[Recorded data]
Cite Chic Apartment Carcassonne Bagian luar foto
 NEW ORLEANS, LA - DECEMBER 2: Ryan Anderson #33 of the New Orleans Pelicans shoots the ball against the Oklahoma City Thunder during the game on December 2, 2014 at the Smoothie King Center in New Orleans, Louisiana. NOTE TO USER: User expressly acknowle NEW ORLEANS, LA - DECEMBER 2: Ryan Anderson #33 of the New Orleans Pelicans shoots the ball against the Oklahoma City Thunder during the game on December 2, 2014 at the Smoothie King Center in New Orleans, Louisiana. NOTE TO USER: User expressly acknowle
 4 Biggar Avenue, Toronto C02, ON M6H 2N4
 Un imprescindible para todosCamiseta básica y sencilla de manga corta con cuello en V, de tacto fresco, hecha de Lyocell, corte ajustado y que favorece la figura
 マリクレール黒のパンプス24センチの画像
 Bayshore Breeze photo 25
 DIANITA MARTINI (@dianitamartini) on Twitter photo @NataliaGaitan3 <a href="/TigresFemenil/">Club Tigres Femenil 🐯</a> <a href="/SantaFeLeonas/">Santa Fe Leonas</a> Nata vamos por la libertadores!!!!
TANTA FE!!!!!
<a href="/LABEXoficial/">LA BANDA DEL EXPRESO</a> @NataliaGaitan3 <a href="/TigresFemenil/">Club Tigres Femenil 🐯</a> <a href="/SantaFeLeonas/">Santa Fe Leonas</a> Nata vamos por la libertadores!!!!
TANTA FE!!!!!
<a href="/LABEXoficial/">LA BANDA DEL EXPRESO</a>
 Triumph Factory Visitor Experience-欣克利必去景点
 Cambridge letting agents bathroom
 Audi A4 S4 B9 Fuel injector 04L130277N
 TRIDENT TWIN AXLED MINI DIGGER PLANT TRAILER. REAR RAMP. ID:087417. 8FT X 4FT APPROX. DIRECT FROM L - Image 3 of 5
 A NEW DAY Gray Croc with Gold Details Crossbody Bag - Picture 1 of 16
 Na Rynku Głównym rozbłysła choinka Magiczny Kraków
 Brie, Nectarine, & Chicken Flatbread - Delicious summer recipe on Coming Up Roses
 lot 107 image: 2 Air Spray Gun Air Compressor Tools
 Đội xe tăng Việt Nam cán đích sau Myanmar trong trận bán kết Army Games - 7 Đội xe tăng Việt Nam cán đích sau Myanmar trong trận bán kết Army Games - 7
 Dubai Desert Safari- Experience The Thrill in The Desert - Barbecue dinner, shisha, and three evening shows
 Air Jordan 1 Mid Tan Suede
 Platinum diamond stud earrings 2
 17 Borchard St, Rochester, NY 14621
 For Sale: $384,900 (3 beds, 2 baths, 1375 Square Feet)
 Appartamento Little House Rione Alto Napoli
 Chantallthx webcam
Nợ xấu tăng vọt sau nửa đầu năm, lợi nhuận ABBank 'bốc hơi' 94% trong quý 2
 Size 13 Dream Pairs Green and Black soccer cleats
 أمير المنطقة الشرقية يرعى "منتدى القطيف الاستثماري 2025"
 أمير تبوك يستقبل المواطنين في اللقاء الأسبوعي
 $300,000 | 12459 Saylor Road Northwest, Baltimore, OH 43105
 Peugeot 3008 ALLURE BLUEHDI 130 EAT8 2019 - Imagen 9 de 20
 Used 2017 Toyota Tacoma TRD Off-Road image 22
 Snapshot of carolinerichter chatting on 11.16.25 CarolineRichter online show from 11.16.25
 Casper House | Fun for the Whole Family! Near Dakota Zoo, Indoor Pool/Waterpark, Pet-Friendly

Task:
Set down, word for word, every line from the line that holds "Nợ xấu tăng" to the end of the entries above, including both ends.

Final answer:
Nợ xấu tăng vọt sau nửa đầu năm, lợi nhuận ABBank 'bốc hơi' 94% trong quý 2
 Size 13 Dream Pairs Green and Black soccer cleats
 أمير المنطقة الشرقية يرعى "منتدى القطيف الاستثماري 2025"
 أمير تبوك يستقبل المواطنين في اللقاء الأسبوعي
 $300,000 | 12459 Saylor Road Northwest, Baltimore, OH 43105
 Peugeot 3008 ALLURE BLUEHDI 130 EAT8 2019 - Imagen 9 de 20
 Used 2017 Toyota Tacoma TRD Off-Road image 22
 Snapshot of carolinerichter chatting on 11.16.25 CarolineRichter online show from 11.16.25
 Casper House | Fun for the Whole Family! Near Dakota Zoo, Indoor Pool/Waterpark, Pet-Friendly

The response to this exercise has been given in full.